Er is door klager geen reden aangedragen waarom (volgens het protocol of anderszins)
de andere bewoners in quarantaine hadden gemoeten. Dat zij in contact zijn geweest
met E betekent niet dat zij in quarantaine moesten. Niet gesteld of gebleken is immers
dat E na dit contact met zijn medebewoners en het personeel positief is getest, of
dat E op het moment van het contact klachten had passend bij het coronavirus met koorts
(reden voor quarantaine op grond van pagina 9 en 10 van het protocol).
3.3. Dit klachtonderdeel is dus ongegrond.
Geen maatwerk
3.4. Klager stelt dat beklaagde maatwerk had moeten leveren in plaats van het protocol
volgen, omdat E lichamelijke en/of geestelijke schade zou gaan ondervinden van de
op grond van het protocol uit te voeren kamerquarantaine.
3.5. Het College stelt voorop dat het begrijpt dat een 10-daagse kamerquarantaine
zeer ingrijpend is voor E, gelet op zijn verstandelijke beperking.
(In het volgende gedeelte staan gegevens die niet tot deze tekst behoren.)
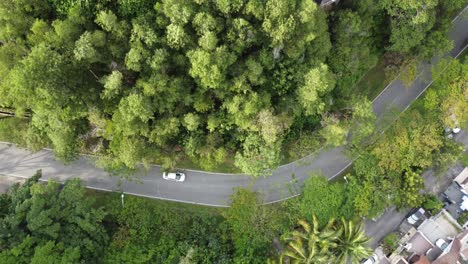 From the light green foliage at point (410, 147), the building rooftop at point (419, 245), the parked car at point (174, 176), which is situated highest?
the parked car at point (174, 176)

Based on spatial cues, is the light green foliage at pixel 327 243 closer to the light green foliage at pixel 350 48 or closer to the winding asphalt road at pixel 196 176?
the winding asphalt road at pixel 196 176

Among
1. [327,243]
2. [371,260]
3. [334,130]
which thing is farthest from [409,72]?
[371,260]

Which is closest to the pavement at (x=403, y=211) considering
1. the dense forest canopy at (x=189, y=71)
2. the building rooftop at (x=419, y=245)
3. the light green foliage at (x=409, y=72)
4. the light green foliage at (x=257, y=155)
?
the building rooftop at (x=419, y=245)

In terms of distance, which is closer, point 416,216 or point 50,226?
point 50,226

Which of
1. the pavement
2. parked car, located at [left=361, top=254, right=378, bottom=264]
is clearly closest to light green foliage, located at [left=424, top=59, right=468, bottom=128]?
the pavement

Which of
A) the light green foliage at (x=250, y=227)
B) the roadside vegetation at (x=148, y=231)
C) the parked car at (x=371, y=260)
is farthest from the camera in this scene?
the parked car at (x=371, y=260)

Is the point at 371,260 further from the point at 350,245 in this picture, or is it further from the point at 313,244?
the point at 313,244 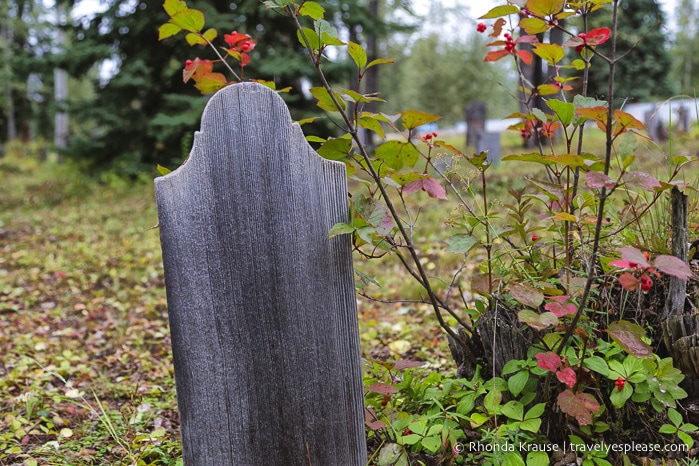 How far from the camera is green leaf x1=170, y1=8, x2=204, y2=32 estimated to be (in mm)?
1716

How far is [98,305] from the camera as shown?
4.25 m

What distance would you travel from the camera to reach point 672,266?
4.45 feet

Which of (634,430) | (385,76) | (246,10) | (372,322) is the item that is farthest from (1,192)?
(385,76)

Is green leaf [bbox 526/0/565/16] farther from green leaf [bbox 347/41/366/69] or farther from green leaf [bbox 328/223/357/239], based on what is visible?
green leaf [bbox 328/223/357/239]

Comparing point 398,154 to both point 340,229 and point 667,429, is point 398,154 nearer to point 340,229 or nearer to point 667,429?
point 340,229

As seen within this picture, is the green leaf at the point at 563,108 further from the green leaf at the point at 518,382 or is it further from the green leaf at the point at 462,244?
the green leaf at the point at 518,382

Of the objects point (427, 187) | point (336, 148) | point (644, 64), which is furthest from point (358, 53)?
point (644, 64)

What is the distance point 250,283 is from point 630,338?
1.09 m

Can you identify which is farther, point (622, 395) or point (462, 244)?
point (462, 244)

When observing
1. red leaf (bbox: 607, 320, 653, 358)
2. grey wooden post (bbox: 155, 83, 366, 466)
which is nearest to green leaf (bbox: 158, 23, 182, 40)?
grey wooden post (bbox: 155, 83, 366, 466)

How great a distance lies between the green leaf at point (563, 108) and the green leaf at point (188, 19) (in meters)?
1.10

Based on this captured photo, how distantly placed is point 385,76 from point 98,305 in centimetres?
3399

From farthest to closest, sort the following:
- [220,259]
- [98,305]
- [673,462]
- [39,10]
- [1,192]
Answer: [39,10] < [1,192] < [98,305] < [673,462] < [220,259]

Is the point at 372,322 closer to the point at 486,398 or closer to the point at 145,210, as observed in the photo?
the point at 486,398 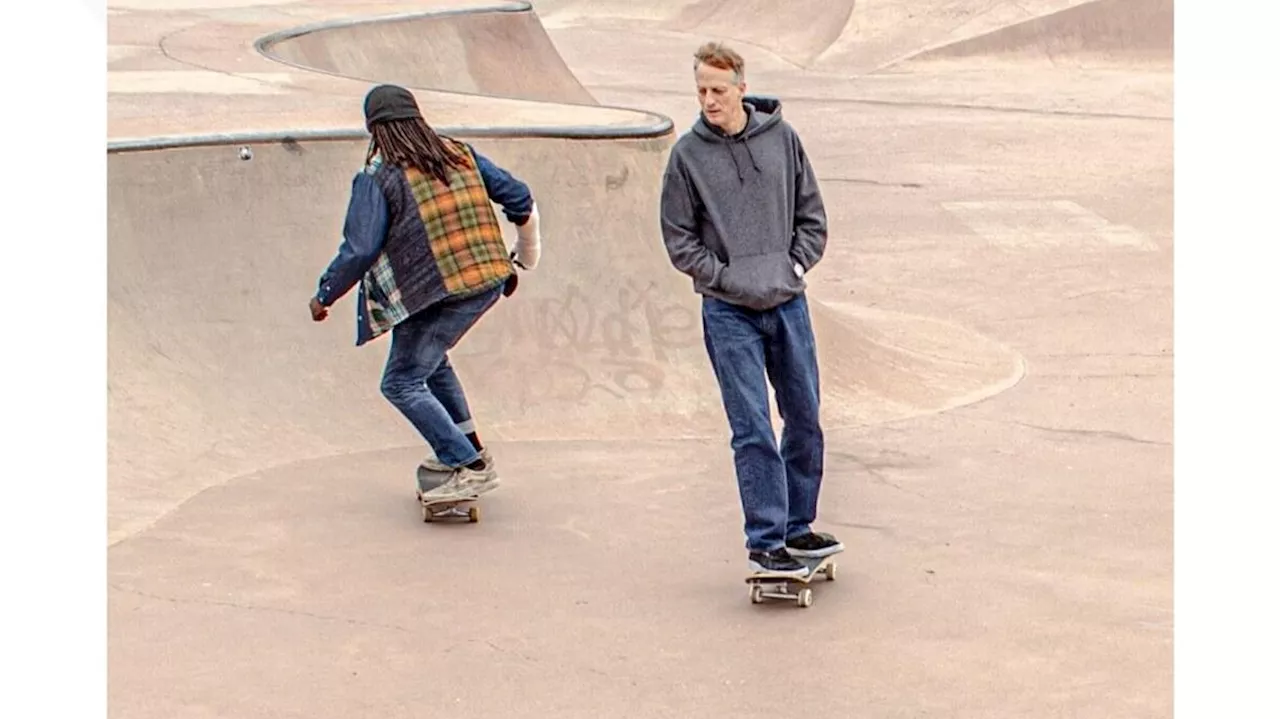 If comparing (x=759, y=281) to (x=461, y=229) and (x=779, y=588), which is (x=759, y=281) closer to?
(x=779, y=588)

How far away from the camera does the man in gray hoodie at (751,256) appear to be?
5812 millimetres

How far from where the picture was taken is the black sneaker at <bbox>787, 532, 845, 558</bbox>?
6.12 m

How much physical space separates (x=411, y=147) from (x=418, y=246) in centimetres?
35

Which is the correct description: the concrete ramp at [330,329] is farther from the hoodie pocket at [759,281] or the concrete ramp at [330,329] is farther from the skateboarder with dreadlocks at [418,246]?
the hoodie pocket at [759,281]

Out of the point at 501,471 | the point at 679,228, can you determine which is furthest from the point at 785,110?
the point at 679,228

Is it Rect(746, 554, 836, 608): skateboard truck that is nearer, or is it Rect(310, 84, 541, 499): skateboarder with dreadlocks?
Rect(746, 554, 836, 608): skateboard truck

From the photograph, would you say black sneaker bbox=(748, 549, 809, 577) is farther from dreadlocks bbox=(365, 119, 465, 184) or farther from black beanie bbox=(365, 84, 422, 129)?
black beanie bbox=(365, 84, 422, 129)

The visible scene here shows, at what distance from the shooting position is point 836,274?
1269 cm

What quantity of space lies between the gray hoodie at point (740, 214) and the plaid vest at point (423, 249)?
974 mm

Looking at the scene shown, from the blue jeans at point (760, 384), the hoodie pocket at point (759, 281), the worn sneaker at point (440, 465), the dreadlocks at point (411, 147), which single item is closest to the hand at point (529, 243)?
the dreadlocks at point (411, 147)

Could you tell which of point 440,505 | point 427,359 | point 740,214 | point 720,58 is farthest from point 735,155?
point 440,505

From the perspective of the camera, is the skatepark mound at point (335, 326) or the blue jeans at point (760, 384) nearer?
the blue jeans at point (760, 384)

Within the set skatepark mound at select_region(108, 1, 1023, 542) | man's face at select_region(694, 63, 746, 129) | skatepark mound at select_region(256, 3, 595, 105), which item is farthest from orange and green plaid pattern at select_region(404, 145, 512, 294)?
skatepark mound at select_region(256, 3, 595, 105)

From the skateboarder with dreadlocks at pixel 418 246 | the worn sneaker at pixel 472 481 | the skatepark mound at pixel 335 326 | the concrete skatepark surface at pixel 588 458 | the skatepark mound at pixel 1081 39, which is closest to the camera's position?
the concrete skatepark surface at pixel 588 458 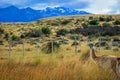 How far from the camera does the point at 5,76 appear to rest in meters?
9.33

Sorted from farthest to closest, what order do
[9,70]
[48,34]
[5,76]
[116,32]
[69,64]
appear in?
1. [48,34]
2. [116,32]
3. [69,64]
4. [9,70]
5. [5,76]

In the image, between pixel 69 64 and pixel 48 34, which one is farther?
pixel 48 34

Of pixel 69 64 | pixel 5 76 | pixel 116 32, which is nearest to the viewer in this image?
pixel 5 76

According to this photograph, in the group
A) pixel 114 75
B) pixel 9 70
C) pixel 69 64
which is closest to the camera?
pixel 9 70

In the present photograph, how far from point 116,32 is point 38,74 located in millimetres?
51169

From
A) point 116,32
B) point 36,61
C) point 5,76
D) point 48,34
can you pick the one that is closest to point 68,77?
point 5,76

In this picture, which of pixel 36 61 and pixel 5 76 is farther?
pixel 36 61

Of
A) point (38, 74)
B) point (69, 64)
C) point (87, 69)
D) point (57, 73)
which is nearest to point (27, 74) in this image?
point (38, 74)

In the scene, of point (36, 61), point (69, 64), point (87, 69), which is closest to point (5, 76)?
point (87, 69)

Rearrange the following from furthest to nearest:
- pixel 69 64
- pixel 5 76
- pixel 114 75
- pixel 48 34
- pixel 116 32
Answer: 1. pixel 48 34
2. pixel 116 32
3. pixel 69 64
4. pixel 114 75
5. pixel 5 76

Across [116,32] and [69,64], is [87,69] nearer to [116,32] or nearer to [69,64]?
[69,64]

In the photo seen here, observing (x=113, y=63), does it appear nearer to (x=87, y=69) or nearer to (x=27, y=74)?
(x=87, y=69)

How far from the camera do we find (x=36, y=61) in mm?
16641

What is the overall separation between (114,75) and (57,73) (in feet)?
5.72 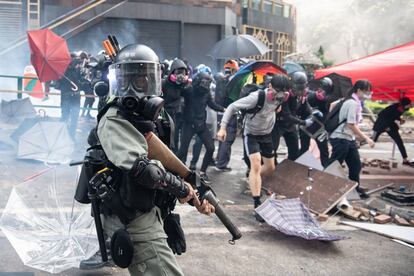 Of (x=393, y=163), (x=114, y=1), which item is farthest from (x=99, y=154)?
(x=114, y=1)

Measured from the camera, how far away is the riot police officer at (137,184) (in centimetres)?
226

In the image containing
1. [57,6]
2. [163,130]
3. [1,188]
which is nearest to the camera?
[163,130]

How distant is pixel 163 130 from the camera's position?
271 cm

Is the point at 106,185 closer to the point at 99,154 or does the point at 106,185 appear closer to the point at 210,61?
the point at 99,154

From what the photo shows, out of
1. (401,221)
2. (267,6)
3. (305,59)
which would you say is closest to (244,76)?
(401,221)

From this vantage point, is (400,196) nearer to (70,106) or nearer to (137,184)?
(137,184)

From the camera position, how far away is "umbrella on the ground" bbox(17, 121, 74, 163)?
24.2 ft

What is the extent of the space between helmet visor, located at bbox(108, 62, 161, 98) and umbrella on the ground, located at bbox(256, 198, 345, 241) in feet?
8.62

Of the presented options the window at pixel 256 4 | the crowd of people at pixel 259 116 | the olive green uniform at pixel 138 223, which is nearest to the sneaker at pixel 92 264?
the olive green uniform at pixel 138 223

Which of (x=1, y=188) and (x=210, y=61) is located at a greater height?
(x=210, y=61)

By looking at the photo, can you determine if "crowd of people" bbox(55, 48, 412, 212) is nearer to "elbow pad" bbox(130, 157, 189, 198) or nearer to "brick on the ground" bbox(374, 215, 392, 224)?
"brick on the ground" bbox(374, 215, 392, 224)

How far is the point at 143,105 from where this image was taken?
94.1 inches

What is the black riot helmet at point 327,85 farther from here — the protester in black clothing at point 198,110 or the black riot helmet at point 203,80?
the black riot helmet at point 203,80

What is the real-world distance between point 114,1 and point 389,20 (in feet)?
74.2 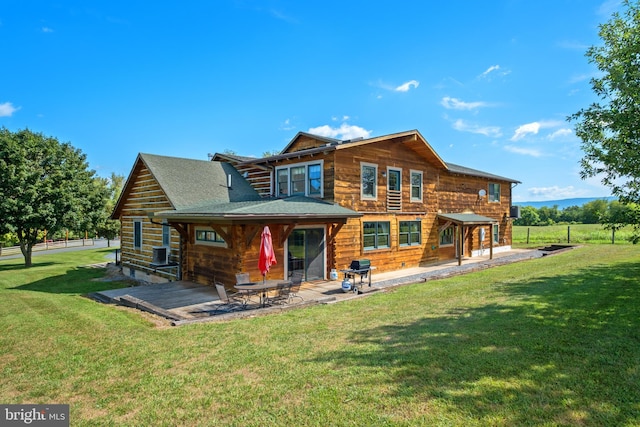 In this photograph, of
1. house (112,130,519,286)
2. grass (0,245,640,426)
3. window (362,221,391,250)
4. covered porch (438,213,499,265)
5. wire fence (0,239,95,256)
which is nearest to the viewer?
grass (0,245,640,426)

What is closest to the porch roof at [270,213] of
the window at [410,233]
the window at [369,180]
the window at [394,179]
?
the window at [369,180]

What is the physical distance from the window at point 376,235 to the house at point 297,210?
5cm

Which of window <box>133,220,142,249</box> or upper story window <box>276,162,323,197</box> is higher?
upper story window <box>276,162,323,197</box>

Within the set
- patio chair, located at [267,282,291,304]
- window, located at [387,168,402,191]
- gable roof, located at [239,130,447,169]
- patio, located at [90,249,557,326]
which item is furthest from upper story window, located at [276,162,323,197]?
patio chair, located at [267,282,291,304]

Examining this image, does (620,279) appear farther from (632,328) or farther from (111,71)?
(111,71)

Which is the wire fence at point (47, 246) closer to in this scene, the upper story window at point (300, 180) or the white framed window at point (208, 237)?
the white framed window at point (208, 237)

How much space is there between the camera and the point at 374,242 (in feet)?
51.4

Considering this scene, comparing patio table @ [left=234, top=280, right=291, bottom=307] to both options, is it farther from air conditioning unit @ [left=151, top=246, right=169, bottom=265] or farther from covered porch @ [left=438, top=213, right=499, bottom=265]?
covered porch @ [left=438, top=213, right=499, bottom=265]

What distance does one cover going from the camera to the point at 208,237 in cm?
1299

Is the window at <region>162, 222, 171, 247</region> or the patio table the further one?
the window at <region>162, 222, 171, 247</region>

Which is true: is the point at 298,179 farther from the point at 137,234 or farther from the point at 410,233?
the point at 137,234

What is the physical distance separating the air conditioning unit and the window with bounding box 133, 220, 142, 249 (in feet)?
10.2

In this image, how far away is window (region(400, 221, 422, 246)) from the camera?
17.1 meters

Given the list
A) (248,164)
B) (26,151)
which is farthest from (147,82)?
(26,151) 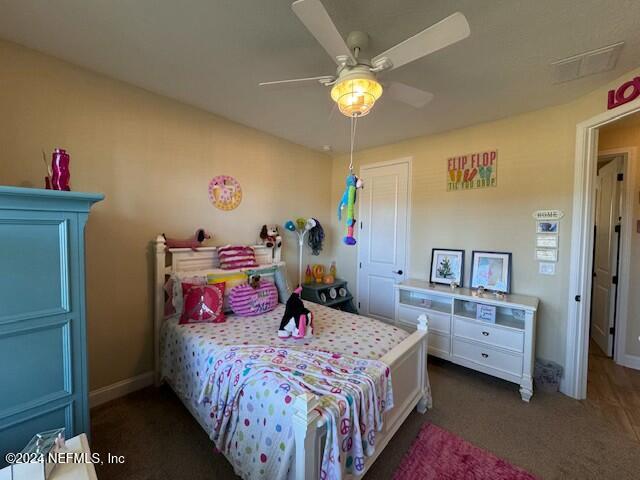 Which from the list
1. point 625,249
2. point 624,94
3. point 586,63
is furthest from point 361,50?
point 625,249

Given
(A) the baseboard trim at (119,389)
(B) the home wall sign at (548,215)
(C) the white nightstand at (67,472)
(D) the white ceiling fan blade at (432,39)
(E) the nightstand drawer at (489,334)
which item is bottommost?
(A) the baseboard trim at (119,389)

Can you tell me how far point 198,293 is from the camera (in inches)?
86.6

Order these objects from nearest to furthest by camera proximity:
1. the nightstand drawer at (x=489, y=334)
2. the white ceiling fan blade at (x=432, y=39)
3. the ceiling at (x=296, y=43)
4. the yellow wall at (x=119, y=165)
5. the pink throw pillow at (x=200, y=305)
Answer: the white ceiling fan blade at (x=432, y=39) < the ceiling at (x=296, y=43) < the yellow wall at (x=119, y=165) < the pink throw pillow at (x=200, y=305) < the nightstand drawer at (x=489, y=334)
Van tuchtrechtelijk
verwijtbaar handelen door beklaagde is echter geen sprake. Door beklaagde is naar
voren gebracht dat zij – zoals ook uit de door haar als productie 2 ingediende journaalregels
van het medisch dossier blijkt – bij klager heeft aangegeven dat er gekeken kon worden
naar opties voor E binnen de woning, en dus een versoepeling van de kamerquarantaine.
Reeds hieruit volgt dat beklaagde open stond voor maatwerk en bereid was om mee te
denken. Klager heeft echter besloten E mee naar huis te nemen op 21 juli 2021. Of
er (ander) maatwerk nodig was kan dan ook verder niet beoordeeld worden.
3.3. Ook dit klachtonderdeel is dus ongegrond.
4. De beslissing
Het Regionaal Tuchtcollege voor de Gezondheidszorg te Amsterdam beslist als volgt:
verklaart de klacht kennelijk ongegrond.
Deze beslissing is gegeven op 10 mei 2022 door E.A. Messer, voorzitter, B.S. Abdoelkariem,
lid-jurist, A.M.A. Wagemans, J. Edwards- van Muijen en A.J.J.M. Keijzer-van Laarhoven,
leden-beroepsgenoten, bijgestaan door R. van der Vaart, secretaris.